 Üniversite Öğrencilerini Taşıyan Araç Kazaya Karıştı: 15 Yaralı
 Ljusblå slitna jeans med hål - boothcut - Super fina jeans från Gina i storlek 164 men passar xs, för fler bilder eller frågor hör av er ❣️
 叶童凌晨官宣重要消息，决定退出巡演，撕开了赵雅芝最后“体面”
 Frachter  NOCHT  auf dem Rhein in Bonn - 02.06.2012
---
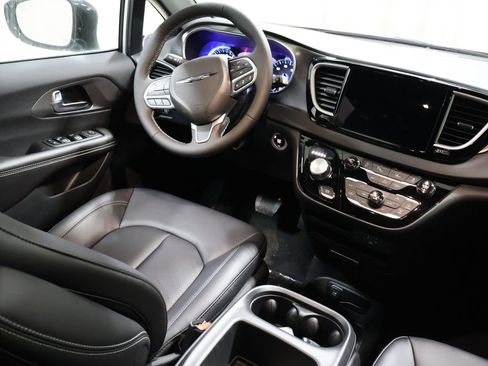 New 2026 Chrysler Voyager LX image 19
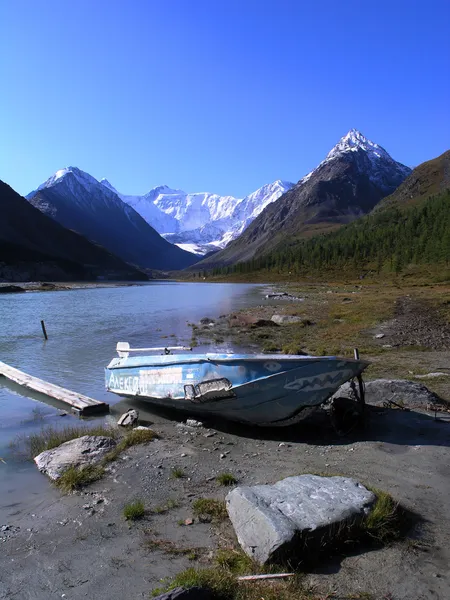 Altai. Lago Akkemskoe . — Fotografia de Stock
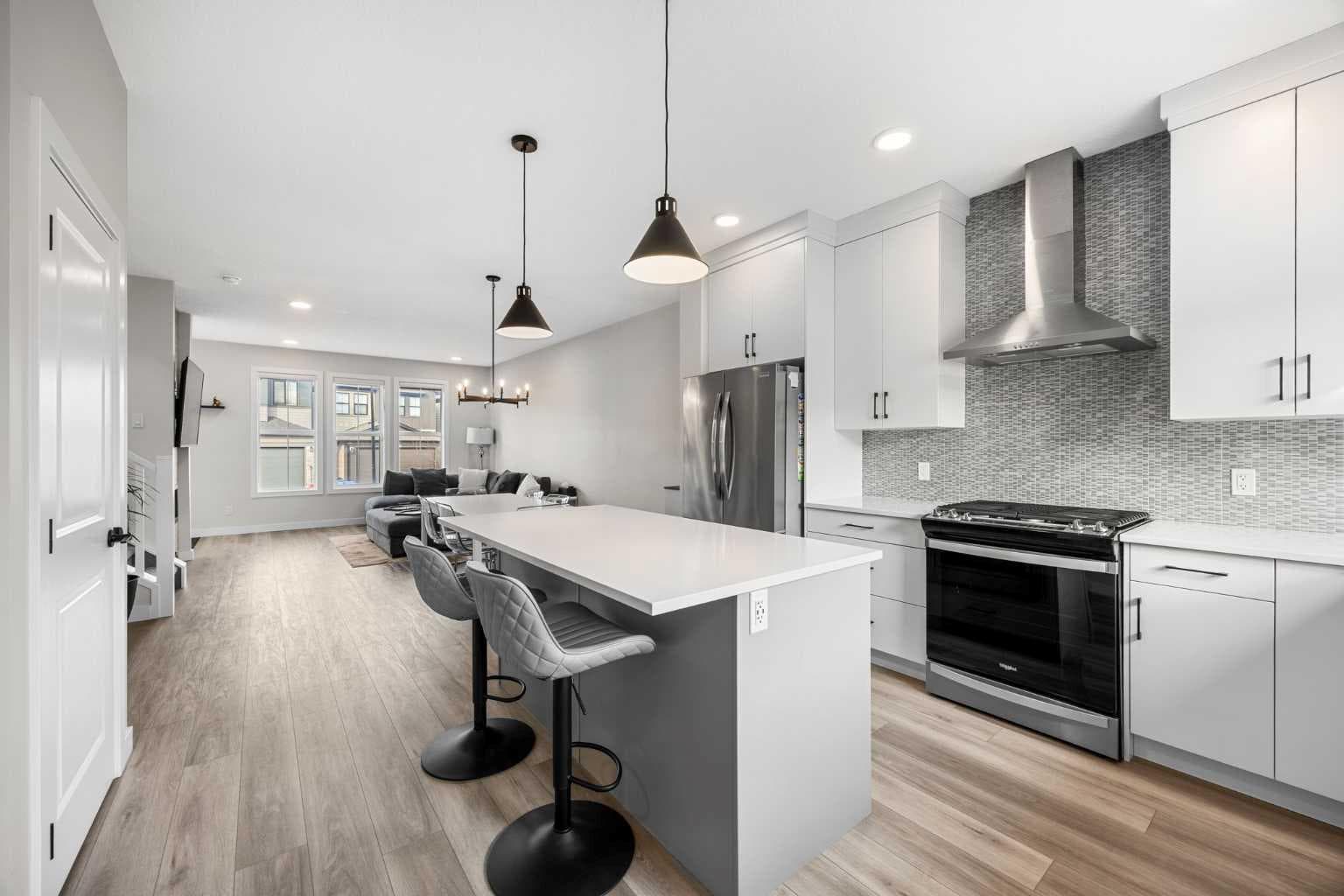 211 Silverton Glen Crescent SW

* _Aim of the task_: Leaving each picture behind, please give again exactly the lines above from the one with "New 2026 Chrysler Voyager LX image 19" through the one with "211 Silverton Glen Crescent SW", both included, and no others.

* _Exercise solution_:
 New 2026 Chrysler Voyager LX image 19
 Altai. Lago Akkemskoe . — Fotografia de Stock
 211 Silverton Glen Crescent SW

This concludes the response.